Topic: Title: Scoring rules for prediction Authors:  Valentina Mameli - University of Udine (Italy) [presenting]
Federica Giummole - University Ca Foscari Venice (Italy)
Abstract: Most of the methods nowadays employed for comparing probability forecasts are based on proper scoring rules. To our knowledge, the use of scoring rules is exclusively restricted to assess the quality of a given probabilistic forecast for a future random variable. However, in the prediction framework the use of these objects can be extended to provide a whole predictive distribution for the unknown of interest. We discuss the asymptotic properties of predictive distributions obtained by minimizing the divergence associated to different scoring rules.
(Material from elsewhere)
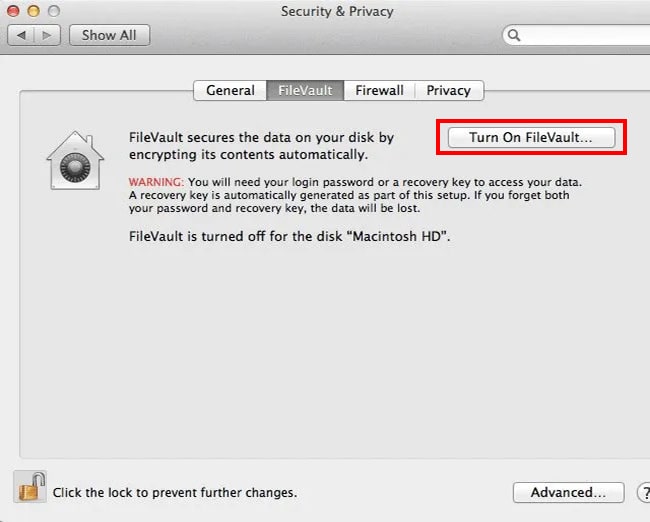 Để bắt đầu kích hoạt hãy lựa chọn vào mục Turn On FileVault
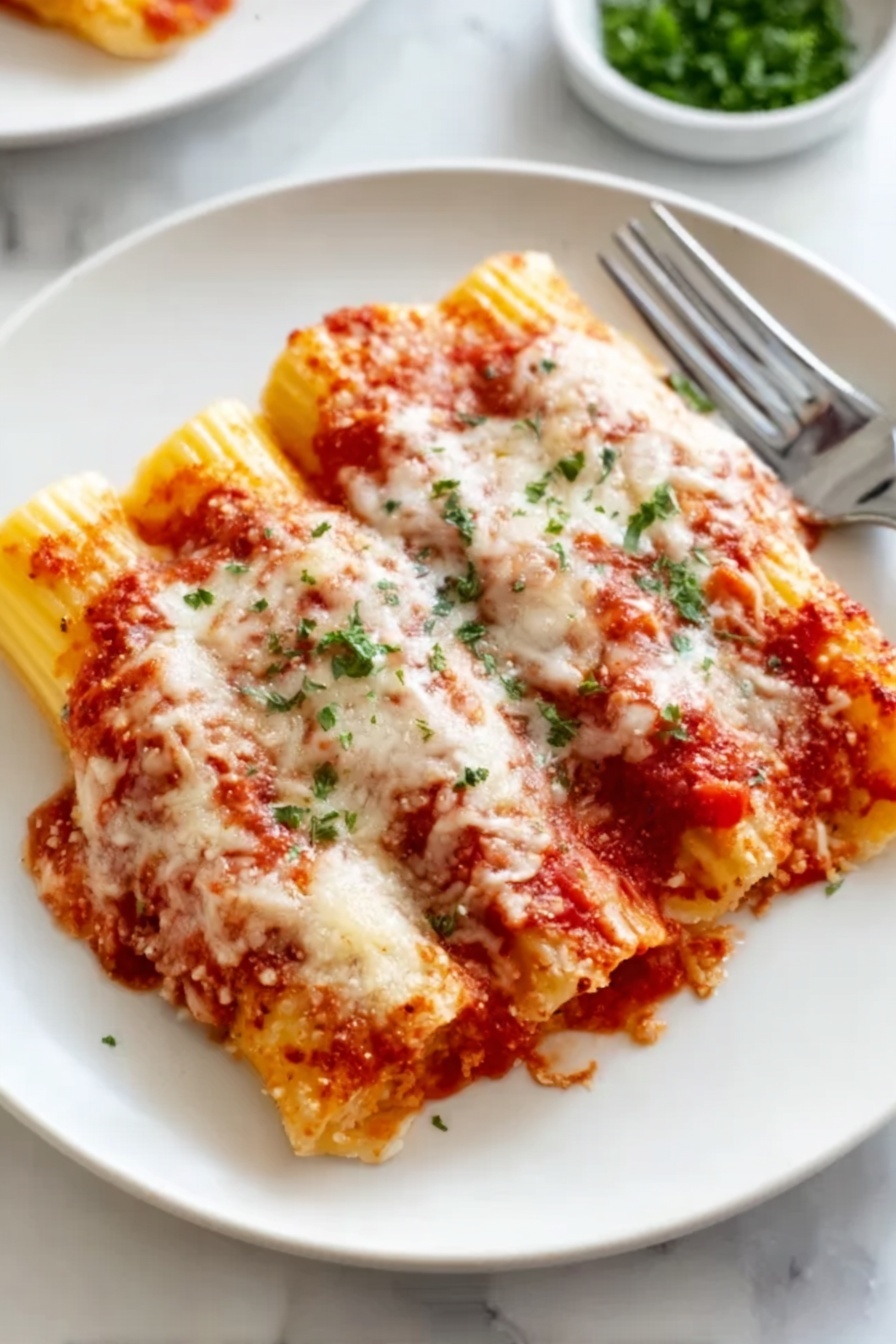 Easy Manicotti with Tomato Sauce, Italian manicotti recipe, cheesy stuffed pasta, quick Italian dinner, baked manicotti with tomato sauce - The image shows three stuffed pasta shells on a white plate, covered with melted white cheese and bright red tomato sauce. The pasta shells are golden yellow with a slightly textured surface, and the cheese is soft and bubbly with small patches of light brown where it has browned. The tomato sauce has a chunky texture with bits of tomato and herbs mixed in. Small green parsley flakes are sprinkled on top for color. Next to the plate, a silver fork rests on a white marbled tabletop. Photo taken with an iphone --ar 2:3 --v 7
Some examples dealing with the Tsallis score, which includes as special cases some of the most used scoring rules, are taken into consideration. For some Gaussian models, the predictive distribution obtained by minimizing the Tsallis divergence is asymptotically equivalent to the one obtained from the Kullback-Liebler divergence. We also consider the class of weighted scoring rules that evaluate probability forecasts on the basis of a non-uniform baseline distribution representing the available information at the time of prediction. The divergences associated to certain weighted scoring rules are shown to be asymptotically equivalent to $\alpha$-divergences, for which optimal predictive distributions exist.